When you use the VM Component Protection feature, your ESXi hosts must be version 6.0 or higher.

There are two types of datastore accessibility failure:

PDL

PDL (Permanent Device Loss) is an unrecoverable loss of accessibility that occurs when a storage device reports the datastore is no longer accessible by the host. This condition cannot be reverted without powering off virtual machines.

APD

APD (All Paths Down) represents a transient or unknown accessibility loss or any other unidentified delay in I/O processing. This type of accessibility issue is recoverable.

VM Component Protection is enabled and configured in the vSphere Web Client.

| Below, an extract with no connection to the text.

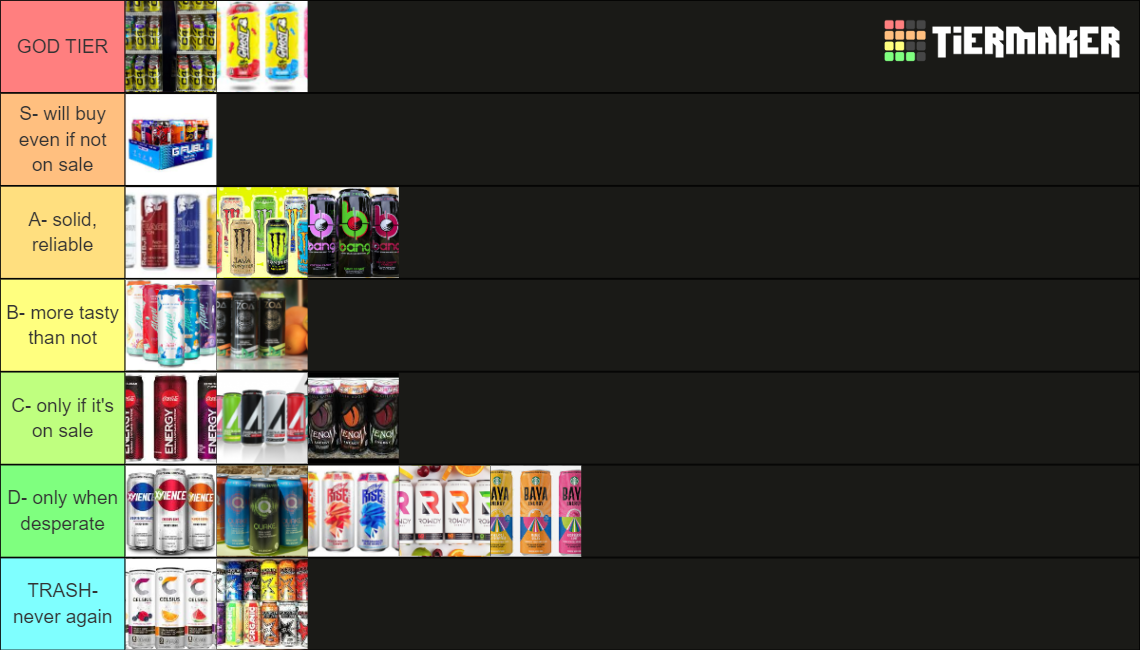 Energy Drinks! Tier List Rankings) TierMaker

To enable this feature, you must select the Protect against Storage Connectivity Loss checkbox in the edit cluster settings wizard. The storage protection levels you can choose and the virtual machine remediation actions available differ depending on the type of database accessibility failure.

PDL failures

A virtual machine is automatically failed over to a new host unless you have configured VMCP only to Issue events.

APD events

The response to APD events is more complex and accordingly the configuration is more fine-grained.

After the user-configured Delay for VM failover for APD period has elapsed, the action taken depends on the policy you selected. An event will be issued and the virtual machine is restarted conservatively or aggressively. The conservative approach does not terminate the virtual machine if the success of the failover is unknown, for example in a network partition. The aggressive approach does terminate the virtual machine under these conditions. Neither approach terminates the virtual machine if there are insufficient resources in the cluster for the failover to succeed.

If APD recovers before the user-configured Delay for VM failover for APD period has elapsed, you can choose to reset the affected virtual machines, which recovers the guest applications that were impacted by the IO failures.

Note

If either the Host Monitoring or VM Restart Priority settings are disabled, VMCP cannot perform virtual machine restarts. Storage health can still be monitored and events can be issued, however.

For more information on configuring VMCP, see Configure Virtual Machine Responses.

The following timeline graphically demonstrates how VMCP recovers from a storage failure.

VMCP

T=0s: A storage failure is detected. vSphere HA starts the recovery process. For a PDL event, the workflow immediately starts and VMs are restarted on healthy hosts in the cluster. If the storage loss is due to an APD event, the APD Timeout timer starts (the default is 140 seconds).

T=140s: The host declares an APD Timeout and begins to fail non-VM I/O to the unresponsive storage device.

Between T=140s and 320s: This is the time period defined by the Delay for VM failover for APD, which is 3 minutes by default. The guest applications might become unstable after losing access to storage for an extended period of time. If an APD is cleared in this time period, the option to reset the VMs is available.

T=320s: vSphere HA now starts the APD recovery response after the Delay for VM failover for APD elapses (3 minutes after the APD Timeout is reached).